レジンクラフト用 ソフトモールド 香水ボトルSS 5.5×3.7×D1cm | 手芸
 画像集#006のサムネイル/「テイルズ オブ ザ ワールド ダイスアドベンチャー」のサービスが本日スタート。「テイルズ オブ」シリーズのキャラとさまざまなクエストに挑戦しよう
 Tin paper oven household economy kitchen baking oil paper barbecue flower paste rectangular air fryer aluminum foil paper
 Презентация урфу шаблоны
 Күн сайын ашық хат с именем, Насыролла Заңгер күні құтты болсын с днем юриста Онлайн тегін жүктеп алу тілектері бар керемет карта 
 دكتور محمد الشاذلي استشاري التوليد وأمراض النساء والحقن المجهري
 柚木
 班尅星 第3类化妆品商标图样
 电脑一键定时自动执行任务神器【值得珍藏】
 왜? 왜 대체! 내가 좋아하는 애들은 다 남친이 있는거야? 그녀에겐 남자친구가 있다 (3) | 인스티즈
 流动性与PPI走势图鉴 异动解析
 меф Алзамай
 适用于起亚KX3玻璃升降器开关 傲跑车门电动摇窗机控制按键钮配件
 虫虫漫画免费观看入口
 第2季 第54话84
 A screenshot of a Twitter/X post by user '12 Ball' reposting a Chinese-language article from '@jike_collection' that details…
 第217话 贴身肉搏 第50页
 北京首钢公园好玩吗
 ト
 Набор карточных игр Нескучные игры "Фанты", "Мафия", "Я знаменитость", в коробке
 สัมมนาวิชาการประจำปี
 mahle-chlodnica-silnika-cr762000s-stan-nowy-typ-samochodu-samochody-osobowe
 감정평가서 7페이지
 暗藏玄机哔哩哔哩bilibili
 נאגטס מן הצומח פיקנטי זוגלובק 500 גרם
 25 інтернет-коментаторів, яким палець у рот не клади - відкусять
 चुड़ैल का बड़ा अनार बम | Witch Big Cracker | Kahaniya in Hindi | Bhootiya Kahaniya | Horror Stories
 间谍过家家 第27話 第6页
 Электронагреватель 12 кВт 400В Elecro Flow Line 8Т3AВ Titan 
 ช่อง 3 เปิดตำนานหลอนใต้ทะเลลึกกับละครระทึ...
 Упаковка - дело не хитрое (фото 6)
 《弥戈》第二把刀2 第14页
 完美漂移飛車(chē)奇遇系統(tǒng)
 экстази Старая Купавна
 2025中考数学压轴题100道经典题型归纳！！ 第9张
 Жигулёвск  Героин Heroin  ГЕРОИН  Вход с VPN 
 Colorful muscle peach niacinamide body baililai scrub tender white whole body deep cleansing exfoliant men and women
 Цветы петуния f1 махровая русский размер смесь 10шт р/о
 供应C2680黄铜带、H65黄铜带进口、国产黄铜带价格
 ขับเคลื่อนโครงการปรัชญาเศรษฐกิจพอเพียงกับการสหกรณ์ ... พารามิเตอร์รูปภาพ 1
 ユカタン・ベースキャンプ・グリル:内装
= = = =
### HOW TO COMPLETE THIS TASK
For this exercise, all the data must be repeated exactly.

### ANSWER BOX
レジンクラフト用 ソフトモールド 香水ボトルSS 5.5×3.7×D1cm | 手芸
 画像集#006のサムネイル/「テイルズ オブ ザ ワールド ダイスアドベンチャー」のサービスが本日スタート。「テイルズ オブ」シリーズのキャラとさまざまなクエストに挑戦しよう
 Tin paper oven household economy kitchen baking oil paper barbecue flower paste rectangular air fryer aluminum foil paper
 Презентация урфу шаблоны
 Күн сайын ашық хат с именем, Насыролла Заңгер күні құтты болсын с днем юриста Онлайн тегін жүктеп алу тілектері бар керемет карта 
 دكتور محمد الشاذلي استشاري التوليد وأمراض النساء والحقن المجهري
 柚木
 班尅星 第3类化妆品商标图样
 电脑一键定时自动执行任务神器【值得珍藏】
 왜? 왜 대체! 내가 좋아하는 애들은 다 남친이 있는거야? 그녀에겐 남자친구가 있다 (3) | 인스티즈
 流动性与PPI走势图鉴 异动解析
 меф Алзамай
 适用于起亚KX3玻璃升降器开关 傲跑车门电动摇窗机控制按键钮配件
 虫虫漫画免费观看入口
 第2季 第54话84
 A screenshot of a Twitter/X post by user '12 Ball' reposting a Chinese-language article from '@jike_collection' that details…
 第217话 贴身肉搏 第50页
 北京首钢公园好玩吗
 ト
 Набор карточных игр Нескучные игры "Фанты", "Мафия", "Я знаменитость", в коробке
 สัมมนาวิชาการประจำปี
 mahle-chlodnica-silnika-cr762000s-stan-nowy-typ-samochodu-samochody-osobowe
 감정평가서 7페이지
 暗藏玄机哔哩哔哩bilibili
 נאגטס מן הצומח פיקנטי זוגלובק 500 גרם
 25 інтернет-коментаторів, яким палець у рот не клади - відкусять
 चुड़ैल का बड़ा अनार बम | Witch Big Cracker | Kahaniya in Hindi | Bhootiya Kahaniya | Horror Stories
 间谍过家家 第27話 第6页
 Электронагреватель 12 кВт 400В Elecro Flow Line 8Т3AВ Titan 
 ช่อง 3 เปิดตำนานหลอนใต้ทะเลลึกกับละครระทึ...
 Упаковка - дело не хитрое (фото 6)
 《弥戈》第二把刀2 第14页
 完美漂移飛車(chē)奇遇系統(tǒng)
 экстази Старая Купавна
 2025中考数学压轴题100道经典题型归纳！！ 第9张
 Жигулёвск  Героин Heroin  ГЕРОИН  Вход с VPN 
 Colorful muscle peach niacinamide body baililai scrub tender white whole body deep cleansing exfoliant men and women
 Цветы петуния f1 махровая русский размер смесь 10шт р/о
 供应C2680黄铜带、H65黄铜带进口、国产黄铜带价格
 ขับเคลื่อนโครงการปรัชญาเศรษฐกิจพอเพียงกับการสหกรณ์ ... พารามิเตอร์รูปภาพ 1
 ユカタン・ベースキャンプ・グリル:内装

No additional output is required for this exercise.